Cumhurbaşkanımız Erdoğan, Parlamentolar Arası Kudüs
Platformu İkinci Konferansı'na katıldı
Cumhurbaşkanımız Recep Tayyip Erdoğan, İstanbul'da
gerçekleştirilen Parlamentolar Arası Kudüs Platformu İkinci Konferansı'na
katıldı.
Erdoğan, Pullman İstanbul Airport Hotel And Convention
Center'da düzenlenen Parlamenterlerarası Kudüs Platformu İkinci
Konferansı'ndaki konuşmasında, parlamenterleri medeniyetlerin ve kıtaların
kavşak noktası olan, Hazreti Muhammed'in övgüsüne mahzar olan İstanbul'da
ağırlamaktan duyduğu memnuniyeti dile getirdi.
Kalbi Kudüs için çarpan, yüreğinde Harem-i Şerif'in,
Kubbet'üs Sahra'nın, Mescid-i Aksa'nın sızısı, hüznü ve aşkı bulanan
misafirlere "hoş geldiniz" diyen Erdoğan, konferansta bulunan,
Filistin meselesini kendi milli meselesi görüp, adalet ve barışın tesisi için
gayret gösteren Kudüs sevdalılarına, Filistin meselesine destek verdikleri ve
Kudüs davasına sahip çıktıkları için teşekkür etti.

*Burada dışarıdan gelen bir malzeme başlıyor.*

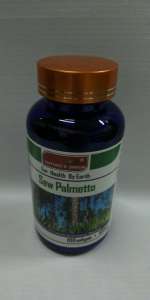  Saw Palmetto     , 100  -     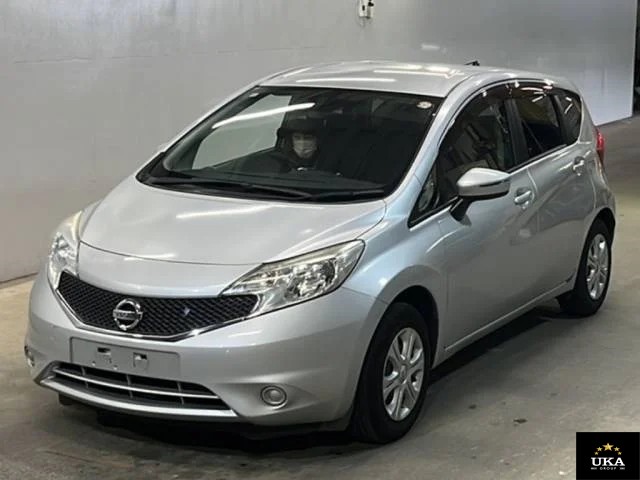 2015 Nissan Note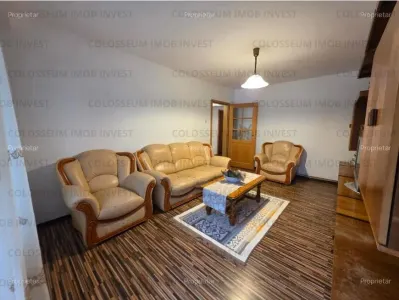 Apartament 3 camere, decomandat - zona Racadau - Brasov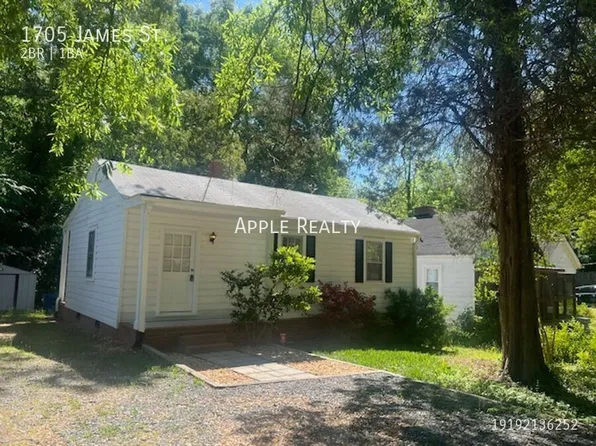 1705 James St, Durham, NC 27707
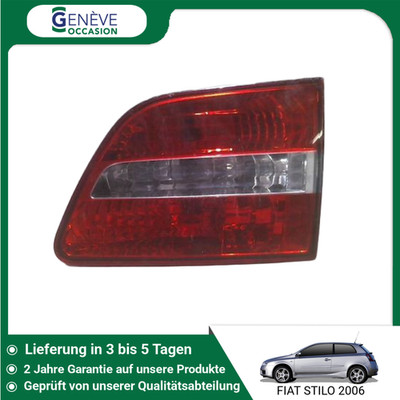   RECHTES HINTERES INT-LICHT   FIAT STILO MULTI WAGON 51717942  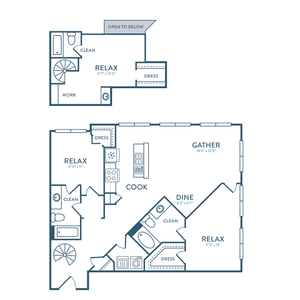 c4r floor plan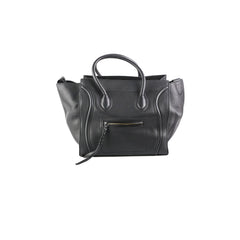 Celine Luggage Phantom Large Black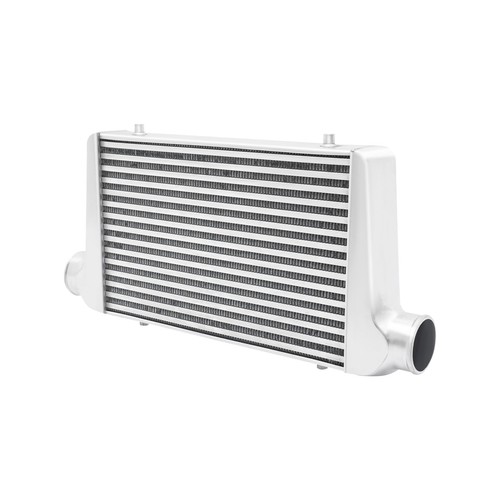 DNYSYSJ Universal Front Mount Intercooler 25x12x3 500HP Turbo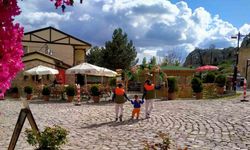 Frig Vadisi Ayazini’de turizm sezonu başladı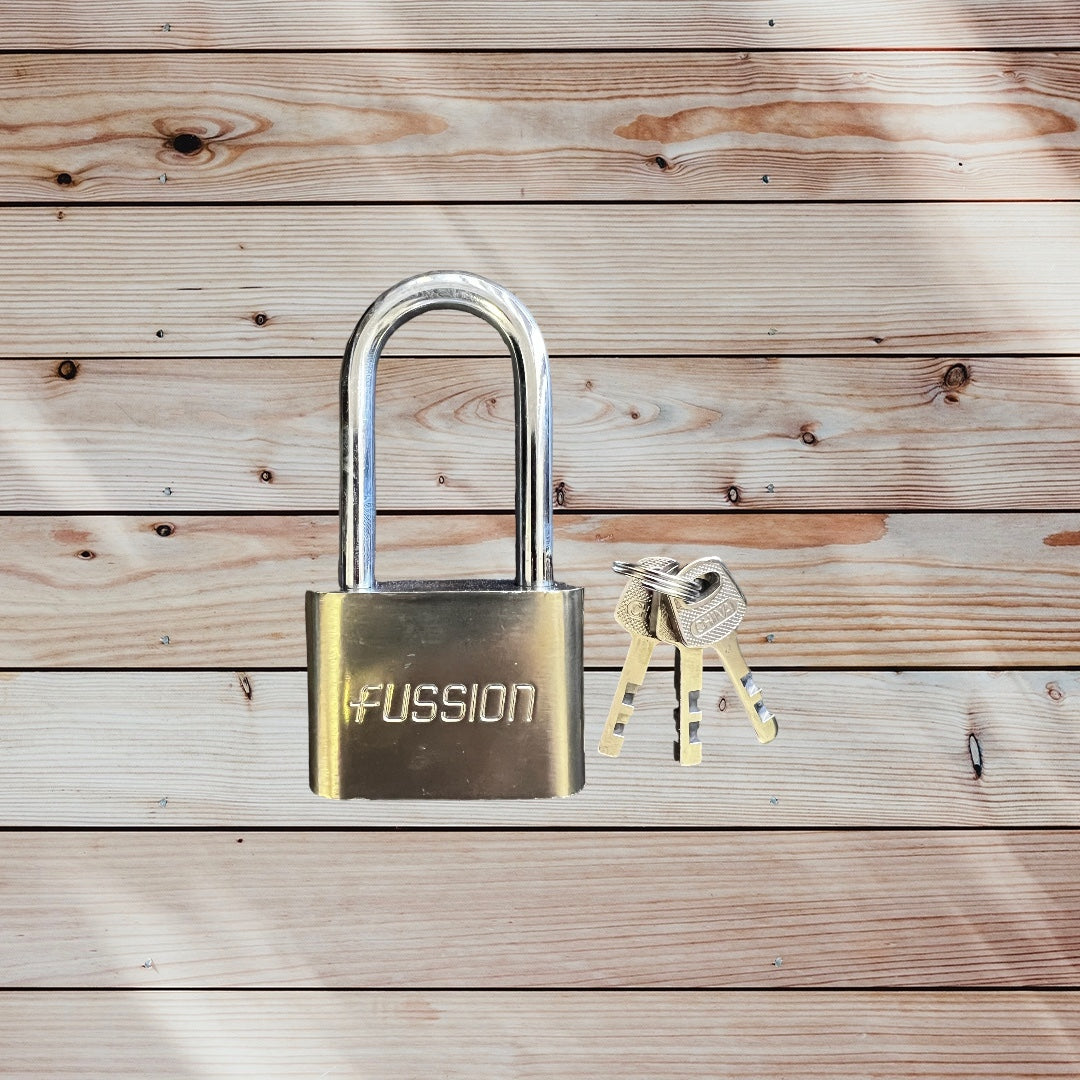 Top Security Padlock Long Shackle St60mm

Kudüs Filistin'in ebedi başkenti temasıyla düzenlenen
konferans nedeniyle bir araya getiren, ulvi gaye etrafında gönülleri buluşturan
herkese şükranlarını sunan Erdoğan, şöyle devam etti: "Gerek burada
yapacağınız istişarelerin, gerekse gerçekleştireceğiniz görüşme, temas ve
ziyaretlerin başarılı geçmesini diliyorum. Bu vesileyle bir kez daha Kudüs-ü
Şerif'in kardeşi İstanbul'dan çıplak elleriyle işgalcilere kök söktüren
Filistin'in yiğit evlatlarına, ablukaya, baskıya ve yıkıma rağmen hayata
tutunan Gazzeli mazlumlara, 70 senedir vatanlarından kopartılmış olmanın
acısıyla gözyaşı döken Filistinli mültecilere, dini, dili, ülkesi ne olursa
olsun Filistin davasına sahip çıkan barış erlerine, Kudüs'ün tekrar tüm
insanlık için bir darüsselam olması, bir barış ve esenlik yurdu olması için
gayret gösteren Kudüs dostlarına, Arakan'dan Somali'ye, Libya'dan Suriye'ye
kadar gönül coğrafyamızın dört bir köşesinde barış ve huzura hasret
Müslümanlara, mazlumlara, Yemen'de açlığın bir deri bir kemik haline getirdiği
masum yavrulara, sizlerin aracılığıyla en kalbi selam muhabbetlerimi
gönderiyorum."
Erdoğan, topraklarını işgale karşı savunurken can veren
Filistinli şehitlere Allah'tan rahmet dileyerek, ciğerparelerini korumak için
İsrail'in kurşunlarına göğüslerini siper eden babaları, Gazze sahilinde top
oynarken bombalarla minik bedenleri parçalanan Filistinli çocukları, sabah
namazına giderken siyonist yerleşimciler tarafından yakılarak şehit edilen
Filistinli gençleri, Kudüs'ü namusları bilerek canları pahasına sahip çıkan
Filistin'in cesur kadınlarını rahmetle yad etti.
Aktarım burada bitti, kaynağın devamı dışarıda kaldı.